Unsafe Water in Mohali Balongi: Is Your RO Purifier Actually Keeping You Safe?

If you live in or around Balongi, Mohali, you’ve probably made peace with the idea that tap water isn’t safe to drink. Most households have an RO purifier on the kitchen counter. It feels like the problem is solved.

It isn’t.

A Times of India investigation into water quality across parts of Mohali found that even RO-filtered water in some areas isn’t meeting safety standards. That should alarm every resident who assumed their purifier was the final answer.

What’s Really Coming Out of Your Tap

The issue in areas like Balongi isn’t just dirt or odour. It’s contamination that runs deeper, often bacterial, sometimes chemical, and it can survive the filtration process under certain conditions.

A district-wide survey of Mohali schools tested water from multiple sources. Here’s what they found:

  • 243 water samples were declared non-potable
  • 26 of those came from RO taps
  • Even packaged water failed in some cases

So the filtered water was failing too. Not just the tap.

The reason? Even treated municipal water picks up contamination on the way to your home through corroded pipelines, ageing joints, and pressure drops that allow soil-borne contaminants to sneak in. By the time water reaches your RO unit, the damage may already be done.
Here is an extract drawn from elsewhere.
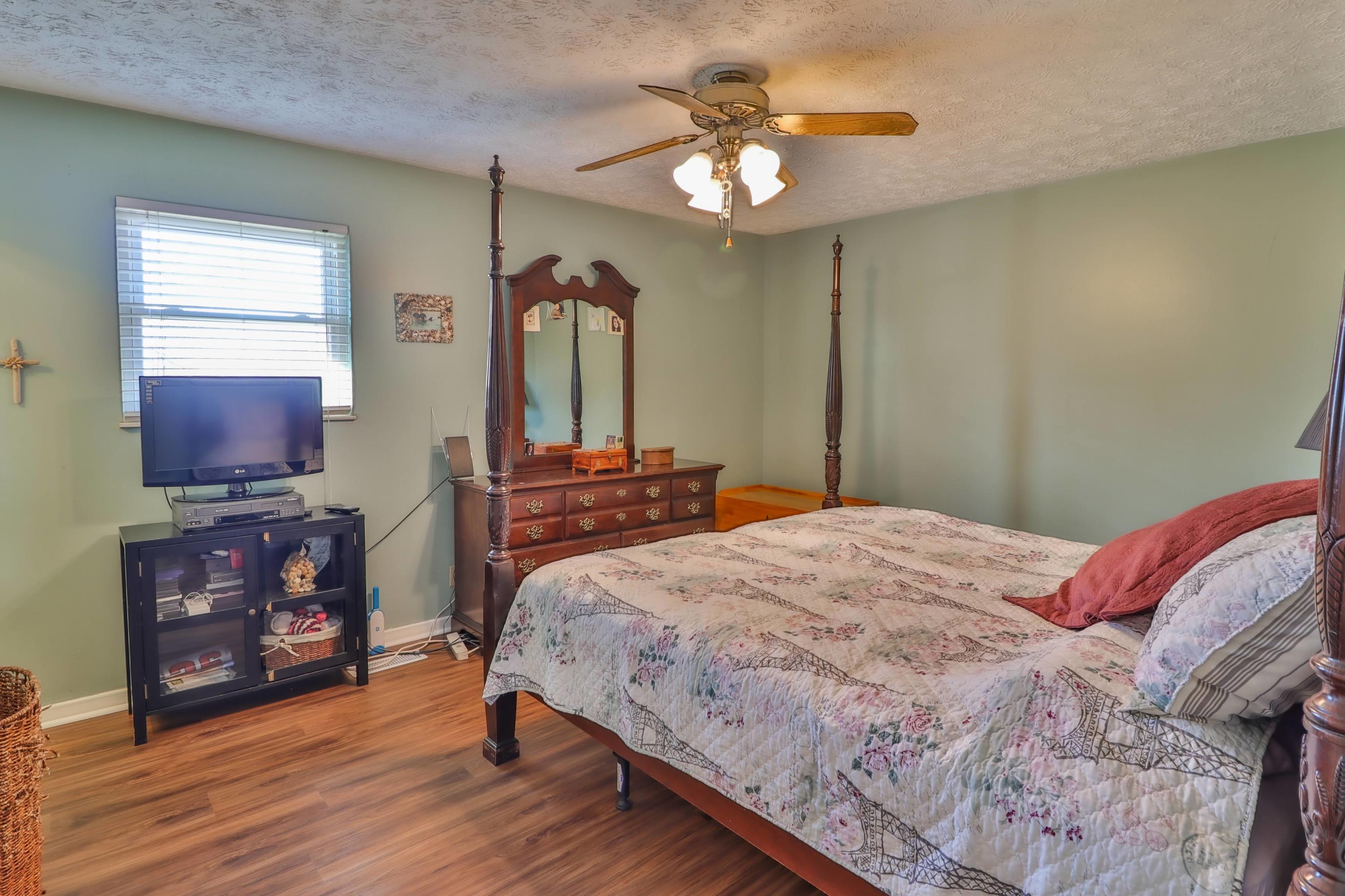 7629 Crestland Road Knoxville, TN 37938 - Photo 17 of 36 IMG_5449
RO Water Isn’t Always the Safety Net You Think It Is

RO purifiers are marketed as the gold standard of home water filtration. They remove dissolved solids, heavy metals, and many pathogens. But they are not infallible.
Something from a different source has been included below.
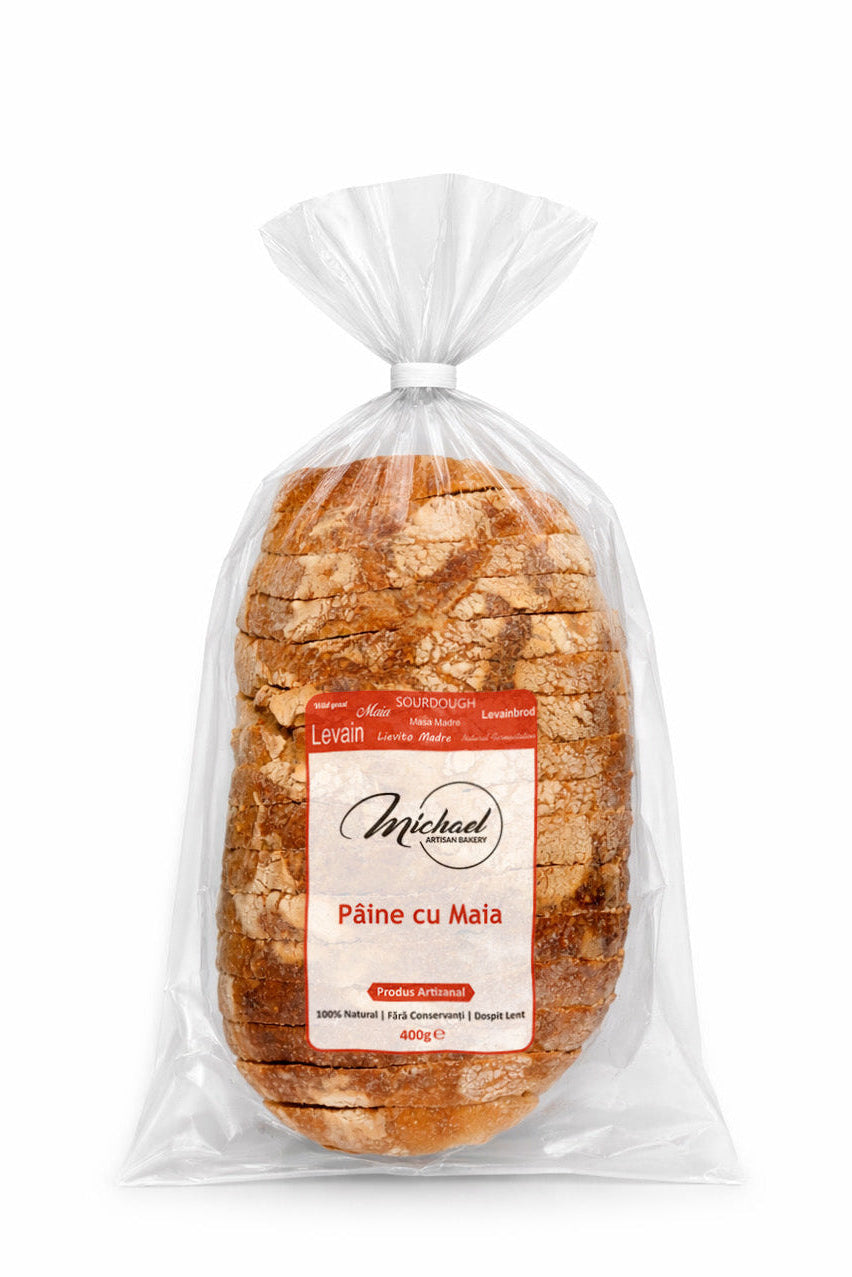 Pâine cu maia artizanală, 400g, ambalată în folie transparentă pe fundal alb – Michael Artisan Bakery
A few things most people don’t realise:

  • A low TDS reading does not mean the water is safe
  • Water can test clean on a TDS meter and still carry bacteria or viruses
  • A clogged pre-filter or an overdue membrane quietly reduces your purifier’s effectiveness

In high-contamination areas like parts of Mohali, the membrane wears out faster than usual. Yet most households stick to an annual replacement schedule, or skip it altogether.

This Isn’t Just a Balongi Problem

Balongi’s water problem isn’t unique. It’s a local face of a national crisis.

Between January 2025 and early 2026, at least 5,500 people fell ill across 26 Indian cities after consuming sewage-contaminated piped water. The cause was almost always the same: ageing pipelines running too close to sewer lines.

Balongi, a rapidly expanding suburb caught between old infrastructure and new housing demand, fits that profile exactly. The pipe reaches your home. The safety doesn’t always follow.

What You Can Do Right Now

Test your water, don’t assume: Don’t rely on how it looks, smells, or tastes. Government labs under the Jal Jeevan Mission offer free or subsidised water quality testing at the district level.

Service your RO every 6 months: Annual servicing isn’t enough in contamination-heavy areas. If your water source is poor, your filter is working twice as hard.

Add a UV stage:

  • RO removes dissolved solids and chemicals
  • UV kills bacteria and viruses
  • Together, they cover what neither can alone

If your current purifier is RO-only, it’s worth upgrading.

Report it: If multiple households in your lane are noticing the same issues, document it and raise a complaint with GMADA or your local municipal body. It’s not a coincidence, and it’s not yours to silently manage.

The hard truth is this: an RO purifier was never meant to compensate for a broken distribution system. It reduces risk. It doesn’t fix infrastructure.

Until the supply chain is cleaner, residents need to be more vigilant, not less, about what they’re actually drinking. Clean living doesn’t stop at water. And while the civic system catches up, keeping your own space clean matters more than ever. If you’re looking for professional cleaning services in Mohali, Clean India Project covers homes and offices across the area.


Frequently Asked Questions

Is tap water in Balongi, Mohali safe to drink?

No. Contamination from ageing pipelines and sewage mixing is a documented issue across parts of Mohali. Balongi, as a rapidly developing suburb, is particularly vulnerable.

If I have an RO purifier, is my water safe?

Not necessarily. A worn membrane or clogged pre-filter can quietly reduce your purifier’s effectiveness. In high-contamination areas, filters wear out faster than the standard annual cycle accounts for.

What does a low TDS reading actually mean?

TDS measures dissolved solids, not bacteria or viruses. Low TDS water can still be microbiologically unsafe. A TDS meter is not a substitute for a proper lab test.

How often should I service my RO in Mohali?

Every 6 months is a safer bet in areas with poor source water quality. If you notice a drop in flow rate or a change in taste, get it checked sooner.

Where can I get my water tested in Mohali?

The Jal Jeevan Mission runs district-level testing labs that offer free or subsidised testing against BIS drinking water standards. You can submit a water sample and receive a full report.

What is the difference between RO and UV purification?

RO removes dissolved solids, chemicals, and heavy metals. UV kills bacteria and viruses but doesn’t remove dissolved solids. For areas with both chemical and biological contamination, a purifier with both stages is the safer choice.